Em alguns casos, a camada residual presa ao fundo do tacho é raspada. Ela pode, eventualmente, ser incorporada à massa do queijo, deixando-o com um efeito visual bicolor: amarelo e com pedaços amarronzados.

A principal diferença em relação ao preparo de outros tipos de queijos está no acréscimo da manteiga de garrafa nordestina (ou manteiga da terra) no cozimento da massa. Nenhum outro queijo, brasileiro ou europeu, incorpora o ingrediente em sua fabricação. Além disso, enquanto a maioria dos queijos são prensados e curados, o manteiga é consumido fresco e conservado pela gordura.

Isabelle também informa que, ao contrário de outros tipos, o queijo manteiga não precisa de maturação ou da adição de coalho para ficar fresco. “É um produto lácteo cozido que, após pronto, é enformado em blocos para ser comercializado”, diz.

Refeições que harmonizam com o queijo manteiga

O alimento pode ser incorporado de diferentes maneiras nos pratos: saladas, purês, blend para pizzas, sanduíches, pastéis e outras combinações. Apesar de ser geralmente consumido no café da manhã – em um contexto doméstico e familiar, servindo como acompanhamento para o cuscuz, a tapioca, o pão ou até mesmo compor uma tábua de frios – as diferentes possibilidades de contraste permitem que o queijo também esteja presente em pratos típicos, como a sobremesa pernambucana cartola.

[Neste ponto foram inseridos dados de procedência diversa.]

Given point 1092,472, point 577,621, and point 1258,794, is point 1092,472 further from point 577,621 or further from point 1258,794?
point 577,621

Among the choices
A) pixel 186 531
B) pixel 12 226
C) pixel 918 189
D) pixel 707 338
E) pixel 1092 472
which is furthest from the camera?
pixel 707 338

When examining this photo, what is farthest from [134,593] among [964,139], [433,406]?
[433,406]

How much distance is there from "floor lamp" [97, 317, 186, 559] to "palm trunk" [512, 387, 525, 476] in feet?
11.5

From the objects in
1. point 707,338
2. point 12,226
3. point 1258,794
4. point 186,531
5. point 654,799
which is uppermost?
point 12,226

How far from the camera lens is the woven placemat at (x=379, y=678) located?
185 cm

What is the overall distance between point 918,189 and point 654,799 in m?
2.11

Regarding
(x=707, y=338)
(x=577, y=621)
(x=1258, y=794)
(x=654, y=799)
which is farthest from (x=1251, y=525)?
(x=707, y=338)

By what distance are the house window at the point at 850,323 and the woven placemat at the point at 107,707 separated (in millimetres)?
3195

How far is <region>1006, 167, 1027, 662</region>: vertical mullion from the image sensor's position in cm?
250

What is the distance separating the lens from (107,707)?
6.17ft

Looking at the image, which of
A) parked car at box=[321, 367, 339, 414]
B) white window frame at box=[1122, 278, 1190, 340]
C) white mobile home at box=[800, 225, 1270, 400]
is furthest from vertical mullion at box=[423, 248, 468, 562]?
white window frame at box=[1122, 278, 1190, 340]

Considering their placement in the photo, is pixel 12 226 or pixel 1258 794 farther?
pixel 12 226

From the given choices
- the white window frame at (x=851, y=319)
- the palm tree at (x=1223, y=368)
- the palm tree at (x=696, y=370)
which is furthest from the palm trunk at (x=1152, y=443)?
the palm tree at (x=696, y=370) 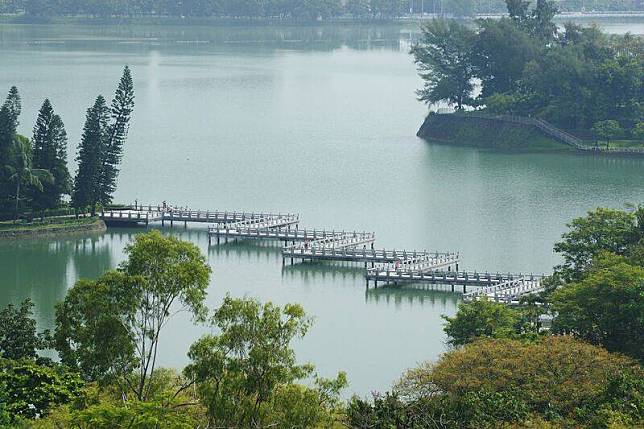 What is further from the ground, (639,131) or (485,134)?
(639,131)

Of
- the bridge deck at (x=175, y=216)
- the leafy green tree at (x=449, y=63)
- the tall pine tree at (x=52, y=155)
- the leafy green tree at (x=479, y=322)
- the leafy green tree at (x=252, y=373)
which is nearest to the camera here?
the leafy green tree at (x=252, y=373)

Como o preparo do queijo visava atender às necessidades dos trabalhadores e moradores do sertão e do litoral, o item apresenta alta durabilidade e não precisa ser armazenado na geladeira. A única recomendação é colocá-lo em um recipiente com tampa ou proteção em plástico-filme após aberto, a fim de evitar o seu ressecamento.

“O queijo manteiga é símbolo da culinária nordestina porque representa a capacidade de adaptação cultural ao meio árido, ao mesmo tempo que expressa o gosto local pelo uso da gordura como elemento de sabor e conservação. Além disso, tornou-se elemento identitário nas feiras, nos cafés e nas mesas sertanejas, mantendo seu prestígio até hoje”, finaliza o chef.